Cukor, el hombre de las mujeres


El autor propone una revisión del cine del director estadounidense George Cukor, partiendo de algunas de sus películas más célebres y paradigmáticas; y atendiendo a sus modos de retratar miradas del mundo desde la perspectiva de personajes femeninos.

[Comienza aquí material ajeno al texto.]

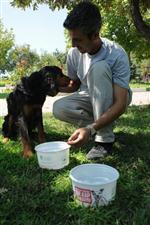 Sokak Hayvanları İçin 5 Bin Su Kabı Dağıtıldı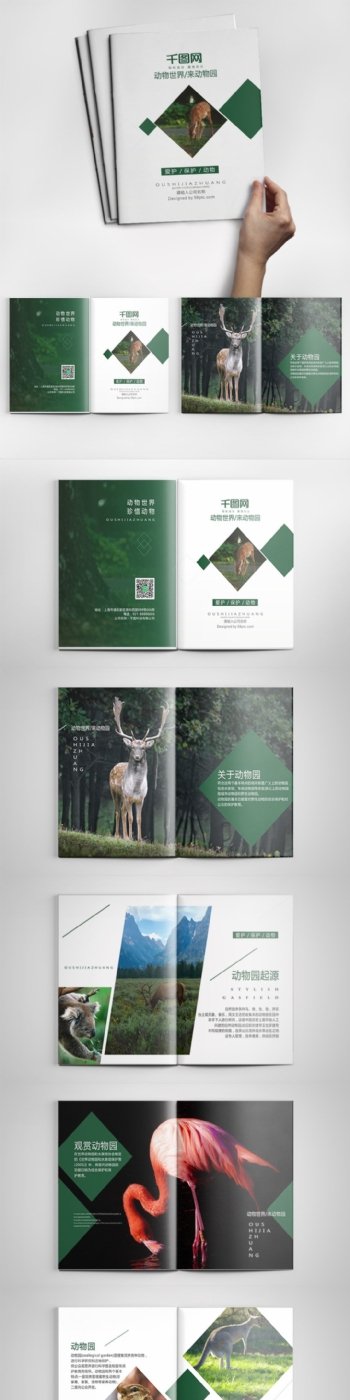 绿色创意野生动物园旅游画册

En la película Rich and Famous de 1981, Jaqueline Bisset es la escritora Liz Hamilton. Cercana a los cuarenta años, su belleza ha crecido incorporando signos de inteligencia y aplomo. El personaje le corresponde naturalmente a la fisonomía. En esta ficción, es una mujer involuntariamente solitaria que se debate entre un temperamento finalmente apasionado y una intelectualizada resistencia al riesgo afectivo. Por ello, los intercambios ocasionales conforman un menú erótico que es tan espaciado como ardiente. Lleva una tensionada amistad con Merryl Noel Blake (Candice Bergen), quien asoma al principio como su contraparte. Merryl es casada, tiene una hija (la adolescente Meg Ryan) y esgrime elípticamente un orbe de presuntas seguridades ante su amiga. La competencia es el motor de esta relación, a tal punto que Merryl se separa y comienza a escribir con talento, para disgusto de Liz, que la siente invadir su territorio.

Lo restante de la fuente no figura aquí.